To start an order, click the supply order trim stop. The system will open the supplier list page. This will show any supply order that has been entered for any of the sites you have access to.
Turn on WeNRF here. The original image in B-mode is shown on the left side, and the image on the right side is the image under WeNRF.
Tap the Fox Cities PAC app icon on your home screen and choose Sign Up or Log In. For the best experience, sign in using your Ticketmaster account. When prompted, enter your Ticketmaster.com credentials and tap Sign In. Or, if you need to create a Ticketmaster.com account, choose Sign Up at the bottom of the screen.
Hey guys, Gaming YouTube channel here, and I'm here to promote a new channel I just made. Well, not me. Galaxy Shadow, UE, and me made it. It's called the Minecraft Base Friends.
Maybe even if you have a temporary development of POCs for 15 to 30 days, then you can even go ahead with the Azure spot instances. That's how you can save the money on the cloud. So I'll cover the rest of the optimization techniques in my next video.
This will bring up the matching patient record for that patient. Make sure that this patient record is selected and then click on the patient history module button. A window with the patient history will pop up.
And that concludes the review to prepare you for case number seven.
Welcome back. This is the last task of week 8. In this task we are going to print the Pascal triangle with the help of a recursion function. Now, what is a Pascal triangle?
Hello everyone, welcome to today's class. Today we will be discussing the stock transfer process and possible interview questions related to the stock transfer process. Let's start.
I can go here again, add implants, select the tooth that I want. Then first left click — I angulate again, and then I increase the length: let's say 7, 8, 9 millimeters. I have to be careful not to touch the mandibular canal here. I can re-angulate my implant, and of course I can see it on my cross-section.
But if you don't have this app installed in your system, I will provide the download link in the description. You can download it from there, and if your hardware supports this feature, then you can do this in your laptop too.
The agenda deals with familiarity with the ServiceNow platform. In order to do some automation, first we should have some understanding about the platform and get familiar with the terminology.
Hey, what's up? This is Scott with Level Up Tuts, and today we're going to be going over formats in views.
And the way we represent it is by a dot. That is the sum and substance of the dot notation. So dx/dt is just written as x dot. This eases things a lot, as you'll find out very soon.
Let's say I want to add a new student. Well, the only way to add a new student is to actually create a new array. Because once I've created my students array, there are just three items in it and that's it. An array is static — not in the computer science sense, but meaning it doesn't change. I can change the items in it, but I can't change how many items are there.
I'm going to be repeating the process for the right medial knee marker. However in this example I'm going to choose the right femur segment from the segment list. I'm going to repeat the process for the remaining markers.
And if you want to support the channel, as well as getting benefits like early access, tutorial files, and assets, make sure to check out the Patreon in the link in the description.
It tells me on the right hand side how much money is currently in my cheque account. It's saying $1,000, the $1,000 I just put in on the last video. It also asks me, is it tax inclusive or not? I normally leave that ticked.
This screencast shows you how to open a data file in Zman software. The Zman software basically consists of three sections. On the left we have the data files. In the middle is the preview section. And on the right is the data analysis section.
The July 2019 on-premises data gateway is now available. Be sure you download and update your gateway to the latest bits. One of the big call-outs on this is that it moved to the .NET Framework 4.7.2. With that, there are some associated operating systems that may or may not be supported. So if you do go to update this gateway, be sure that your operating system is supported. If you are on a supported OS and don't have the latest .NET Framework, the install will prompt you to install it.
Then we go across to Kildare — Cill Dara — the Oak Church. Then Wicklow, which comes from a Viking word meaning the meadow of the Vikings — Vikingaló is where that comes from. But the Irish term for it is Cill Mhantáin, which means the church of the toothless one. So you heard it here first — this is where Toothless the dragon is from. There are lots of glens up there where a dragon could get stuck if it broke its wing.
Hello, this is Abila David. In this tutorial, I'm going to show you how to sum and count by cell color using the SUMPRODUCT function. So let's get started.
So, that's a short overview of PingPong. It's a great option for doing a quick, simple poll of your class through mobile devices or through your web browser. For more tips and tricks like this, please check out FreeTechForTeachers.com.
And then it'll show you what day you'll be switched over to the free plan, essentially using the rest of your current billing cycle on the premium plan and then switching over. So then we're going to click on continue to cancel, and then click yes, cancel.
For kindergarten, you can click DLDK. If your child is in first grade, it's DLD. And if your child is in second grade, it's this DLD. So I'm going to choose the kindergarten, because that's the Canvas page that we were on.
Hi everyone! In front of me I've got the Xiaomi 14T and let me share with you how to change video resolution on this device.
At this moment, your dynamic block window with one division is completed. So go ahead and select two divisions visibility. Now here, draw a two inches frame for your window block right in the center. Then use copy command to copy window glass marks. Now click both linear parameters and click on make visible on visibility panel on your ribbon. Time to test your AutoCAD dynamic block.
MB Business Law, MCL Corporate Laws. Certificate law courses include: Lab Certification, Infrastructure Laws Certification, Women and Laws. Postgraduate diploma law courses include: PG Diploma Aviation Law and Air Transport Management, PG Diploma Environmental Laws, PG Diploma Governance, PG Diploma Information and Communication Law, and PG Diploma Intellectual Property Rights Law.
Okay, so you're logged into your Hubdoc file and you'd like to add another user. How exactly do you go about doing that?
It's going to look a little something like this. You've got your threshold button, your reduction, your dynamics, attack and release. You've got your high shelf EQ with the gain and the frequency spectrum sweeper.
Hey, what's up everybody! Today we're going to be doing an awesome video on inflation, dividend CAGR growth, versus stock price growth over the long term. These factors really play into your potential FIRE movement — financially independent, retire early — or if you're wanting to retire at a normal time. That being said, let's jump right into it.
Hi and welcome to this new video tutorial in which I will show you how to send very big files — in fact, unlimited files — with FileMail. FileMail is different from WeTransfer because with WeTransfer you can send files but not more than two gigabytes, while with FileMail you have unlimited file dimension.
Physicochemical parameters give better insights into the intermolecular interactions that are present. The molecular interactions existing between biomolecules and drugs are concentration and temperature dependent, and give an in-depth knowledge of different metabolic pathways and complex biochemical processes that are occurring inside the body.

----------

Instructions to follow: Reproduce the data above in full, with no line missing.

Answer for the task:
To start an order, click the supply order trim stop. The system will open the supplier list page. This will show any supply order that has been entered for any of the sites you have access to.
Turn on WeNRF here. The original image in B-mode is shown on the left side, and the image on the right side is the image under WeNRF.
Tap the Fox Cities PAC app icon on your home screen and choose Sign Up or Log In. For the best experience, sign in using your Ticketmaster account. When prompted, enter your Ticketmaster.com credentials and tap Sign In. Or, if you need to create a Ticketmaster.com account, choose Sign Up at the bottom of the screen.
Hey guys, Gaming YouTube channel here, and I'm here to promote a new channel I just made. Well, not me. Galaxy Shadow, UE, and me made it. It's called the Minecraft Base Friends.
Maybe even if you have a temporary development of POCs for 15 to 30 days, then you can even go ahead with the Azure spot instances. That's how you can save the money on the cloud. So I'll cover the rest of the optimization techniques in my next video.
This will bring up the matching patient record for that patient. Make sure that this patient record is selected and then click on the patient history module button. A window with the patient history will pop up.
And that concludes the review to prepare you for case number seven.
Welcome back. This is the last task of week 8. In this task we are going to print the Pascal triangle with the help of a recursion function. Now, what is a Pascal triangle?
Hello everyone, welcome to today's class. Today we will be discussing the stock transfer process and possible interview questions related to the stock transfer process. Let's start.
I can go here again, add implants, select the tooth that I want. Then first left click — I angulate again, and then I increase the length: let's say 7, 8, 9 millimeters. I have to be careful not to touch the mandibular canal here. I can re-angulate my implant, and of course I can see it on my cross-section.
But if you don't have this app installed in your system, I will provide the download link in the description. You can download it from there, and if your hardware supports this feature, then you can do this in your laptop too.
The agenda deals with familiarity with the ServiceNow platform. In order to do some automation, first we should have some understanding about the platform and get familiar with the terminology.
Hey, what's up? This is Scott with Level Up Tuts, and today we're going to be going over formats in views.
And the way we represent it is by a dot. That is the sum and substance of the dot notation. So dx/dt is just written as x dot. This eases things a lot, as you'll find out very soon.
Let's say I want to add a new student. Well, the only way to add a new student is to actually create a new array. Because once I've created my students array, there are just three items in it and that's it. An array is static — not in the computer science sense, but meaning it doesn't change. I can change the items in it, but I can't change how many items are there.
I'm going to be repeating the process for the right medial knee marker. However in this example I'm going to choose the right femur segment from the segment list. I'm going to repeat the process for the remaining markers.
And if you want to support the channel, as well as getting benefits like early access, tutorial files, and assets, make sure to check out the Patreon in the link in the description.
It tells me on the right hand side how much money is currently in my cheque account. It's saying $1,000, the $1,000 I just put in on the last video. It also asks me, is it tax inclusive or not? I normally leave that ticked.
This screencast shows you how to open a data file in Zman software. The Zman software basically consists of three sections. On the left we have the data files. In the middle is the preview section. And on the right is the data analysis section.
The July 2019 on-premises data gateway is now available. Be sure you download and update your gateway to the latest bits. One of the big call-outs on this is that it moved to the .NET Framework 4.7.2. With that, there are some associated operating systems that may or may not be supported. So if you do go to update this gateway, be sure that your operating system is supported. If you are on a supported OS and don't have the latest .NET Framework, the install will prompt you to install it.
Then we go across to Kildare — Cill Dara — the Oak Church. Then Wicklow, which comes from a Viking word meaning the meadow of the Vikings — Vikingaló is where that comes from. But the Irish term for it is Cill Mhantáin, which means the church of the toothless one. So you heard it here first — this is where Toothless the dragon is from. There are lots of glens up there where a dragon could get stuck if it broke its wing.
Hello, this is Abila David. In this tutorial, I'm going to show you how to sum and count by cell color using the SUMPRODUCT function. So let's get started.
So, that's a short overview of PingPong. It's a great option for doing a quick, simple poll of your class through mobile devices or through your web browser. For more tips and tricks like this, please check out FreeTechForTeachers.com.
And then it'll show you what day you'll be switched over to the free plan, essentially using the rest of your current billing cycle on the premium plan and then switching over. So then we're going to click on continue to cancel, and then click yes, cancel.
For kindergarten, you can click DLDK. If your child is in first grade, it's DLD. And if your child is in second grade, it's this DLD. So I'm going to choose the kindergarten, because that's the Canvas page that we were on.
Hi everyone! In front of me I've got the Xiaomi 14T and let me share with you how to change video resolution on this device.
At this moment, your dynamic block window with one division is completed. So go ahead and select two divisions visibility. Now here, draw a two inches frame for your window block right in the center. Then use copy command to copy window glass marks. Now click both linear parameters and click on make visible on visibility panel on your ribbon. Time to test your AutoCAD dynamic block.
MB Business Law, MCL Corporate Laws. Certificate law courses include: Lab Certification, Infrastructure Laws Certification, Women and Laws. Postgraduate diploma law courses include: PG Diploma Aviation Law and Air Transport Management, PG Diploma Environmental Laws, PG Diploma Governance, PG Diploma Information and Communication Law, and PG Diploma Intellectual Property Rights Law.
Okay, so you're logged into your Hubdoc file and you'd like to add another user. How exactly do you go about doing that?
It's going to look a little something like this. You've got your threshold button, your reduction, your dynamics, attack and release. You've got your high shelf EQ with the gain and the frequency spectrum sweeper.
Hey, what's up everybody! Today we're going to be doing an awesome video on inflation, dividend CAGR growth, versus stock price growth over the long term. These factors really play into your potential FIRE movement — financially independent, retire early — or if you're wanting to retire at a normal time. That being said, let's jump right into it.
Hi and welcome to this new video tutorial in which I will show you how to send very big files — in fact, unlimited files — with FileMail. FileMail is different from WeTransfer because with WeTransfer you can send files but not more than two gigabytes, while with FileMail you have unlimited file dimension.
Physicochemical parameters give better insights into the intermolecular interactions that are present. The molecular interactions existing between biomolecules and drugs are concentration and temperature dependent, and give an in-depth knowledge of different metabolic pathways and complex biochemical processes that are occurring inside the body.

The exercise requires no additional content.